Sachin A Billion Dreams movie review: Between Sachin, Sachin, you will fight to blink back tears


Sachin A Billion Dreams movie cast: Sachin Tendulkar, Arjun Tendulkar, Mayuresh Pem, Mahendra Singh Dhoni, Anjali Tendulkar, Virender Sehwag, Sara Tendulkar
Sachin A Billion Dreams movie director: James Erskine
Sachin A Billion Dreams movie rating: 3

Sachin A Billion Dreams, the ‘authorised’ bio-pic of Sachin Tendulkar gives us exactly what it promises: a glowing portrait of a sports star and a legend-in-his-lifetime, whose fortunes are connected to a billion dreams, hopes and aspirations of cricket-mad India. What you get in the 2 hours 20 minute docu-feature is Everything You Knew About Sachin Because You Didn’t Need To Ask, because practically everything he’s done on-field since he was 16 has been chronicled by breathless commentators around the world. You wish in vain for more colourful, complex off-the-field stuff, but this is not that kind of film.
There are some moments — the ones Tendulkar shares with his parents and elder brother, his demanding coach, his wife and children, the letting-down-his-hair time with his friends — you may not have seen before. But just as you begin to smile when you hear him speaking in Marathi, or listen to wife​ ​Anjali saying that her husband loved spending all his free time with the kids, but declared he ‘wouldn’t change nappies’, and settle down for some more intimate revelations, the film is back to being safe and reverential as it takes us through Sachin’s journey, in a decidedly linear fashion, from childhood to his ‘finest hour’, when he won the World Cup in 2011, in Mumbai, at the Wankhede stadium.

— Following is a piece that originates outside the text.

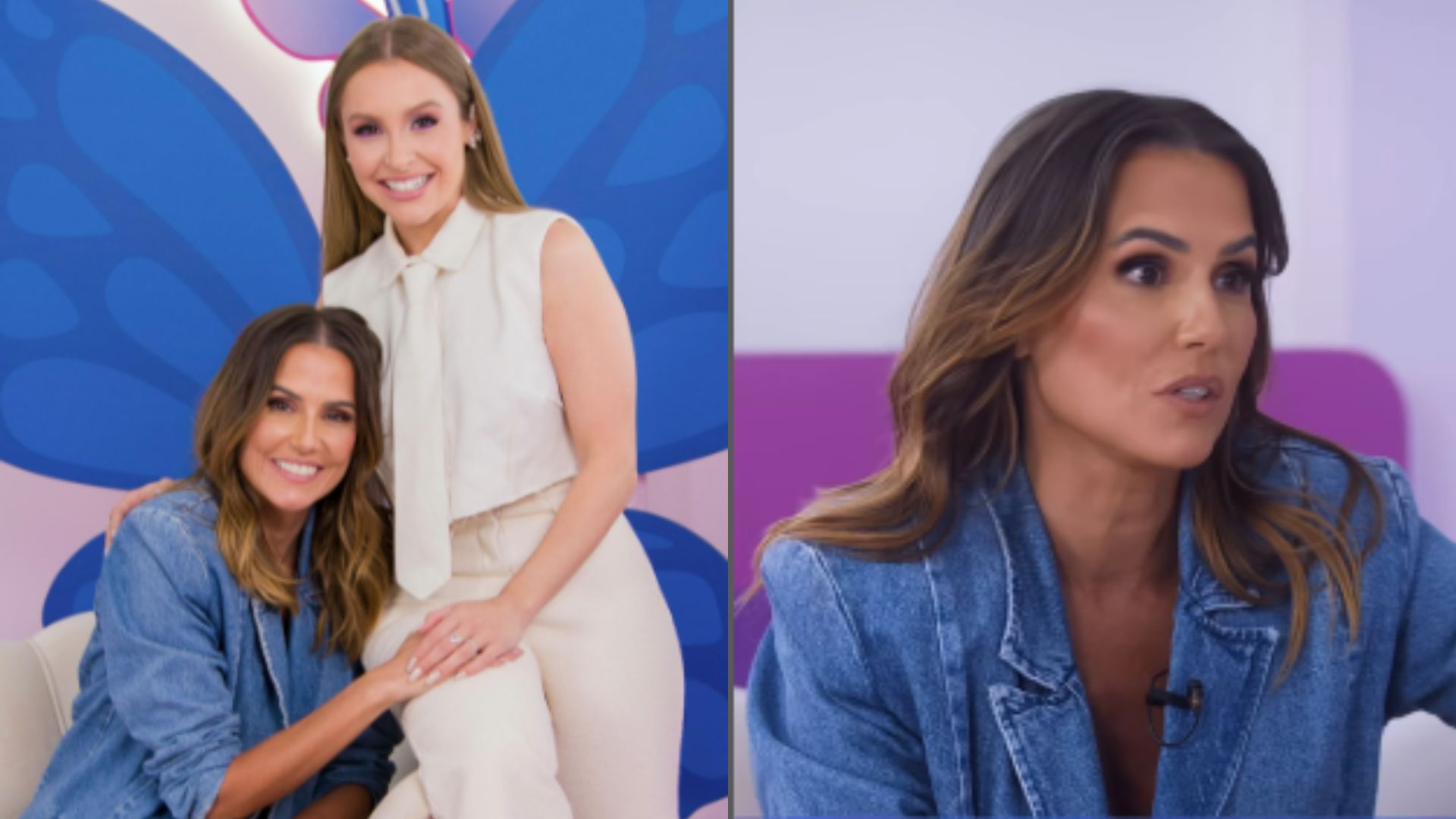 Deborah Secco e Carla Diaz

To expect any snark or nosedigs from a film like this, whose sole purpose is to stay fully worshipful as it catches fans (including Amitabh Bachchan and Aamir Khan) saying worshipful things about him would be asking for the impossible. Sachin: A Billion Dreams has clearly been mediated by Sachin himself: the choice of what is personal and what is public has been carefully sifted, ignoring dressing-room politics (an askance Azharuddin glance at the rising star at a moment when Sachin is appointed captain is there, but it’s just a flash). Also left out are meaningful details of the controversial, ugly aspects of the game, especially when the match-fixing scandal broke and nearly broke its back. And to even expect a mention of a custom-fee-waived Ferrari ‘ki sawaari’ would be silly.
Having said that, Erskine takes all-too familiar material and makes of it an engrossing film, for both fans who may claim to know more about him than he himself, as well as those who may not live and breathe Sachin. It glides seamlessly from one big ticket event in Sachin’s life to another — the lucking into Achrekar Sir, his coach, the moment he saw Anjali for the first time, the time he held his newborn first, the losing and gaining of the captainship of the Indian time, the vocal disappointment after big losses, and a vital look at the blood and sweat that goes into the making of a successful sports star.
But the failures are all glossed over, and his big wins are presented as India’s wins. ‘When Sachin is quiet, India is quiet’, declares another cricketing star in the film. And when he hits a ton, a double ton, a four, a six, the nation erupts, as did most viewers during the first day first show.
For a movie made as a fulsome tribute, the challenge is always going to be to keep someone who is not bananas about the game (which includes your faithful critic) to stay with the film: I did, and enjoyed almost every minute of it, cheering at the World Cup win, blinking back tears at Sachin’s farewell speech, even while asking for more.